## What to work on
Repeat the listing word for word. Leave every picture out.
───── Data excerpt ─────
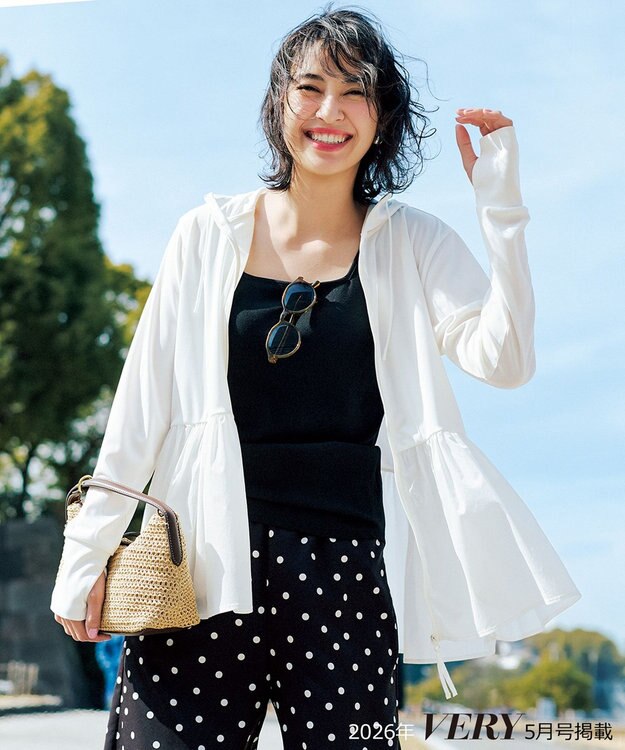 UNFILO 【GOCOCi/ワコール】カップ付き タンクトップ ブラック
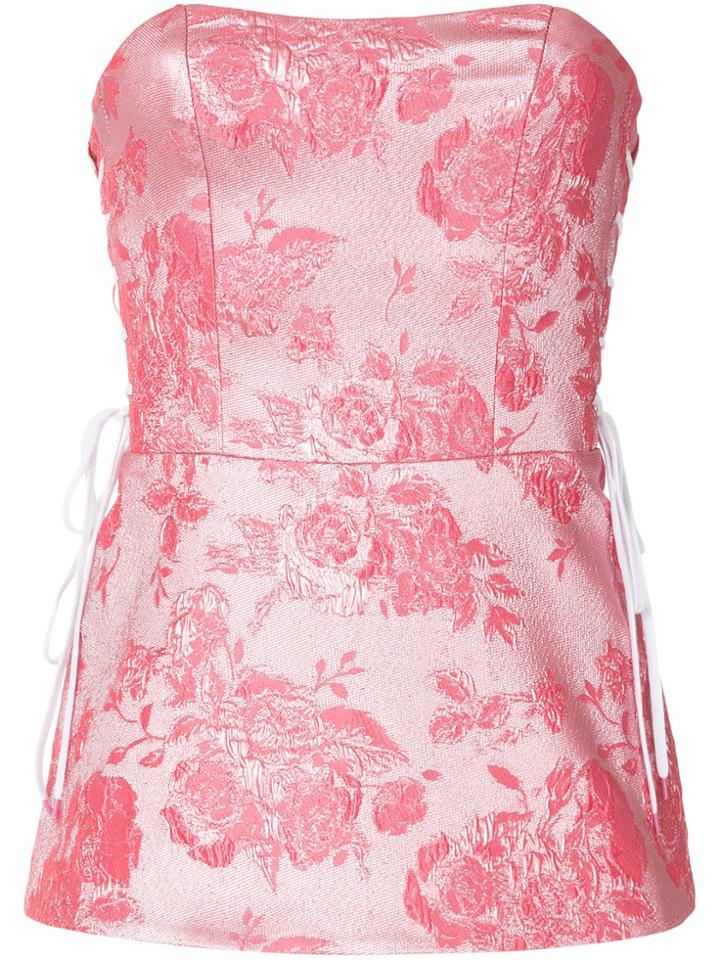 Manning Cartell Metallic Kyoto Calling Floral Bustier - Pink & Purple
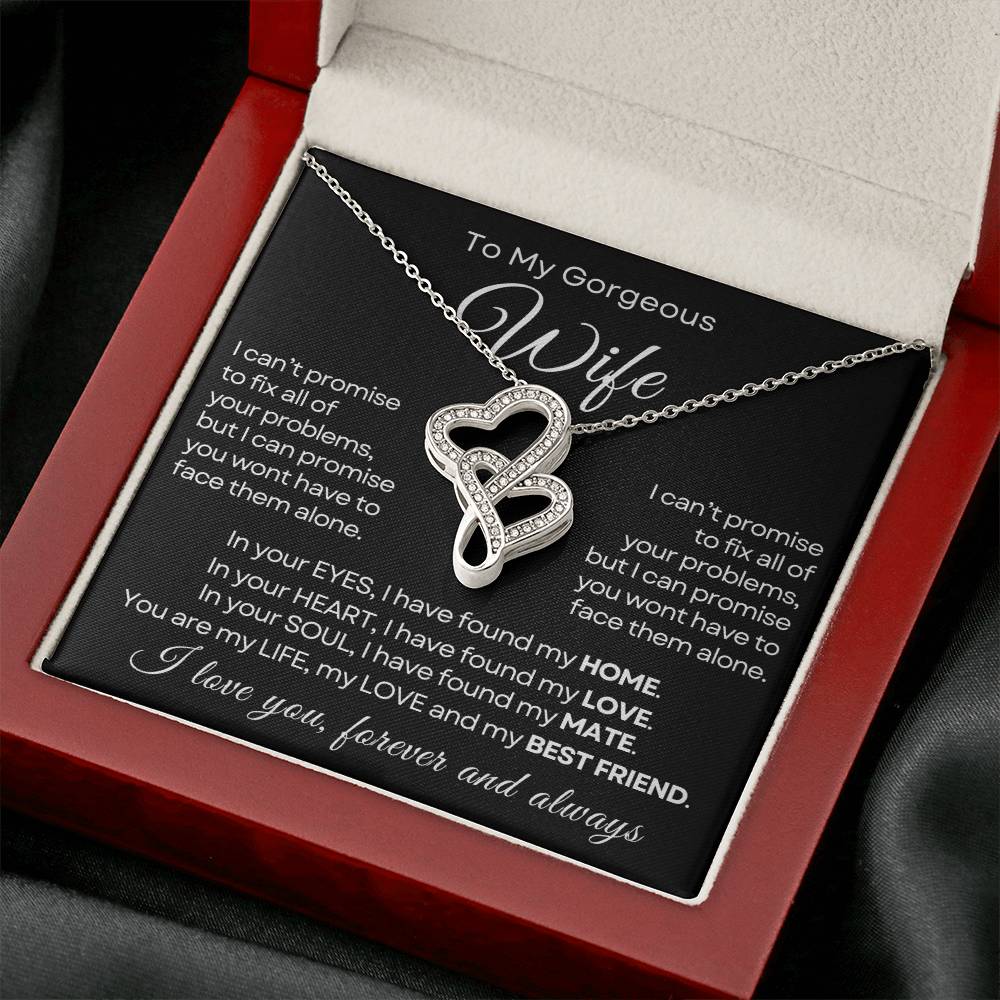 Gift for Wife - My Love Life - Hearts Necklace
─────
## Solution to the problem
 UNFILO 【GOCOCi/ワコール】カップ付き タンクトップ ブラック
 Manning Cartell Metallic Kyoto Calling Floral Bustier - Pink & Purple
 Gift for Wife - My Love Life - Hearts Necklace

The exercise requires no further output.